* TASK REQUIREMENTS
If an entry contains a picture, leave the picture out and reproduce everything else in the records below exactly.

* INPUT DATA
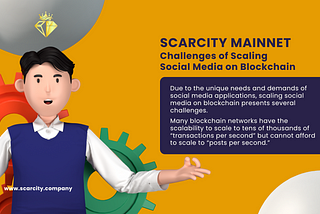 Challenges of Scaling Social Media on Blockchain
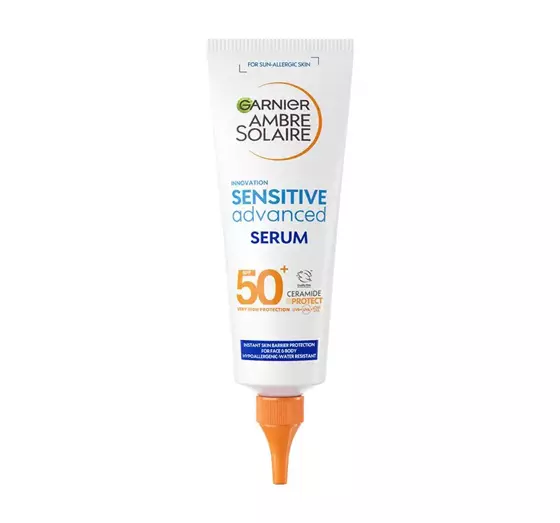 GARNIER AMBRE SOLAIRE ГИПОАЛЛЕРГЕННАЯ СОЛНЦЕЗАЩИТНАЯ СЫВОРОТКА ДЛЯ ЛИЦА И ТЕЛА SPF50+ 125МЛ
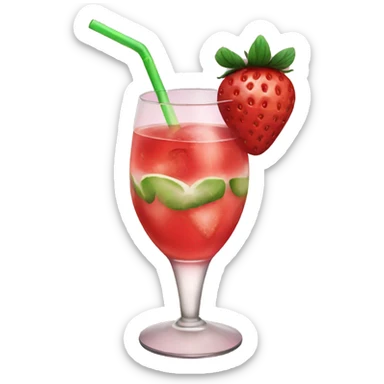 Strawberry cocktails  sticker
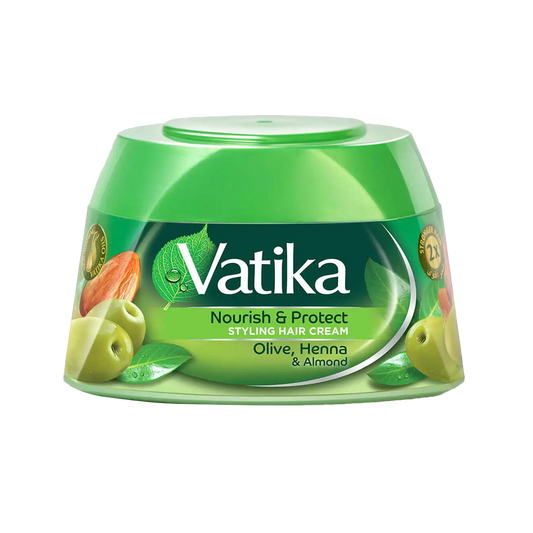 Vatika Hair Styling Cream Henna Almond 140 ml فاتيكا كريم تصفيف الشعر الزيتون والحناء واللوز 140 مل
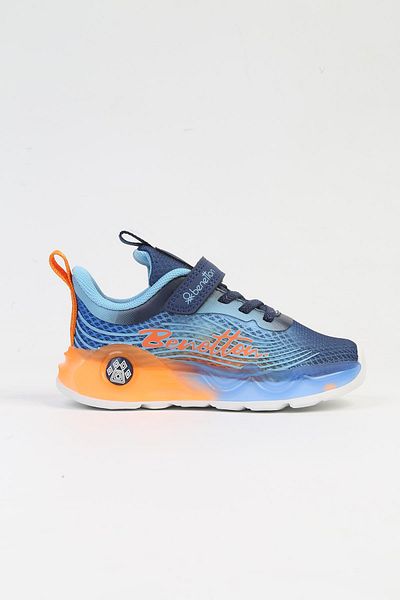 Benetton ®   Imported Blue Orange Children's Sneakers - Bni-10277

* ANSWER TO THIS TASK
 Challenges of Scaling Social Media on Blockchain
 GARNIER AMBRE SOLAIRE ГИПОАЛЛЕРГЕННАЯ СОЛНЦЕЗАЩИТНАЯ СЫВОРОТКА ДЛЯ ЛИЦА И ТЕЛА SPF50+ 125МЛ
 Strawberry cocktails  sticker
 Vatika Hair Styling Cream Henna Almond 140 ml فاتيكا كريم تصفيف الشعر الزيتون والحناء واللوز 140 مل
 Benetton ®   Imported Blue Orange Children's Sneakers - Bni-10277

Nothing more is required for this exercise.